A garota deu um sorriso irônico. Tomou ainda mais vodca. O álcool estava subindo e ela começava a se sentir tonta. Ele tinha razão. Eram muitas memórias que ela queria esquecer.

—Eu saí de Moscou pelo mesmo motivo - O rapaz havia terminado sua refeição e se virou para a moça - Mas parece que as memórias nos perseguem onde quer que vamos. Não adianta fugir.

A garota tomou uma dose grande de vodka de uma só vez, tentando desfazer o nó que sentia em sua garganta.

—Tania - Ela gritou - Quarenta rublos. Amanhã eu te pago.

A mulher acenou com a mão, afirmando que a garota não precisava se preocupar com aquilo.

—Muito bom de conhecer, Lukyan -Mailyn lutava contra o nó em sua garganta - Mas eu devo ir agora.

Mailyn saiu do balcão, desajeitada por conta do álcool, pegou seu casaco e foi andando pela cidade. A noite estava caindo, o álcool parecia subir à sua cabeça a cada passo que ela dava. Ela andou até chegar às margens do Rio Neva. Do outro lado do rui havia uma floresta coberta por neve. Era um pedaço da cidade que era bem isolado, poucas pessoas passavam por ali. Ela foi até a margem do rio, estando bem próxima da água que estava começando a congelar, com uns pedaços de gelo boiando e descendo o caminho do rio. Ela ficou ali, com as botas quase tocando a água. Estava com raiva da fala de Lukyan, dizendo que as memórias perseguiam as pessoas. Aquilo não poderia ser verdade, se não, aquilo queria dizer que as memórias de sua família a perseguiriam para sempre e ela nunca teria a chance de mudar nada. O nó na garganta não queria ir embora e a tontura em sua cabeça aumentava. Mailyn se ajoelhou no chão, enterrou seus dedos na neve e gritou com todo o ar que tinha em seus pulmões. Gritou até ficar sem fôlego. Gritou até sua raiva esvair-se de seu corpo por completo e uma lágrima - apenas uma - caiu de seu olho esquerdo. Ela limpou seu rosto e levantou.

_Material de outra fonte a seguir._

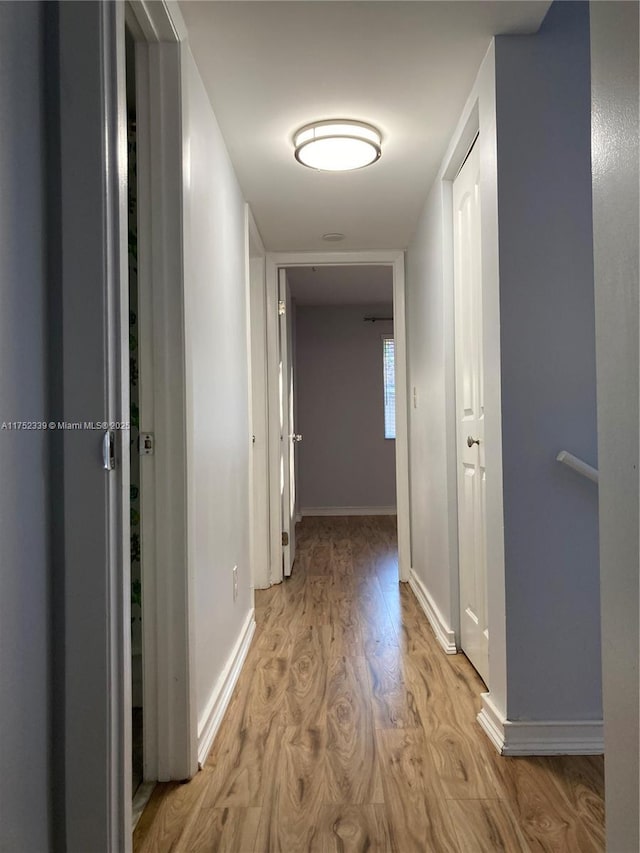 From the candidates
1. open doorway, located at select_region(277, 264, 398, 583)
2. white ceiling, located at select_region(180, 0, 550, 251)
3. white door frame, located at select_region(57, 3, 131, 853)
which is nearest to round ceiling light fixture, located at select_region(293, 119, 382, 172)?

Ao se levantar, percebeu que havia uma criatura do outro lado do rio encarando-a. Um lobo tão grande que mais parecia um urso. Mailyn se perguntou se o tanto de vodka que havia tomado fez com que ela começasse a ter alucinações. O lobo ainda a encarava, com as orelhas em pé, atento para cada movimento que ela fazia. Ela estava paralisada. O lobo se virou e correu para o meio da floresta. E nesse mesmo momento uma mão a puxou pelo braço e ela levou um susto.

—Meu Deus - Disse ela.

—Desculpe - Lukyan havia puxado-a para longe da margem do rio. - Parecia que você iria escorregar.

—Você viu aquilo? - A garota se virou para a floresta - Você viu o tamanho daquele bicho?

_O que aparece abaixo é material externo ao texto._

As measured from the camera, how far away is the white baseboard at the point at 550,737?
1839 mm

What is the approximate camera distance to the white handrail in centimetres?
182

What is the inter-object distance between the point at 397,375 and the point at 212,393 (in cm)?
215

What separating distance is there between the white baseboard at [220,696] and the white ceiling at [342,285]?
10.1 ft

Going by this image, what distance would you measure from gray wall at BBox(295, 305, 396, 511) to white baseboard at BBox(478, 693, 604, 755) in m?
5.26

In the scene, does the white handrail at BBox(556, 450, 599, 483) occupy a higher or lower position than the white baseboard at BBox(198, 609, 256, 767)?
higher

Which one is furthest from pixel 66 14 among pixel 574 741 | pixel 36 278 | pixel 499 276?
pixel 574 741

—Que bicho? - O rapaz a olhava confusa.

Ele não havia visto?

Mailyn se sentiu enjoada. Percebeu que seus dedos estavam roxos por conta do frio.

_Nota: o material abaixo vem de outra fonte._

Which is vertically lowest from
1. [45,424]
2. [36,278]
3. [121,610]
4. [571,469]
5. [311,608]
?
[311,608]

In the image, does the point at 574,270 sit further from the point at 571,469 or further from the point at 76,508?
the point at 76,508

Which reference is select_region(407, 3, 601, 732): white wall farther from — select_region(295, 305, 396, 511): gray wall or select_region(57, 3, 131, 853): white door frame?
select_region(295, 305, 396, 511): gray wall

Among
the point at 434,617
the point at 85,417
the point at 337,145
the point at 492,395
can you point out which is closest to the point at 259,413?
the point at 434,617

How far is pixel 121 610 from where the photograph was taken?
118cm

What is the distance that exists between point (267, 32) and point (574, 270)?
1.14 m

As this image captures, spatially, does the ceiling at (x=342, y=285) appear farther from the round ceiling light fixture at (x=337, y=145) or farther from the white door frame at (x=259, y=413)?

—Eu não estou me sentindo bem - Disse ela.

—Deixe-me te ajudar. Onde você mora?

— Me leve de volta para o bar - Foi tudo o que ela conseguiu dizer.

Então ela se virou de costas para ele e apoiou suas mãos nos joelhos. Ela estava tonta e enjoada demais para conseguir chegar ao restaurante antes de uma tragédia embaraçosa.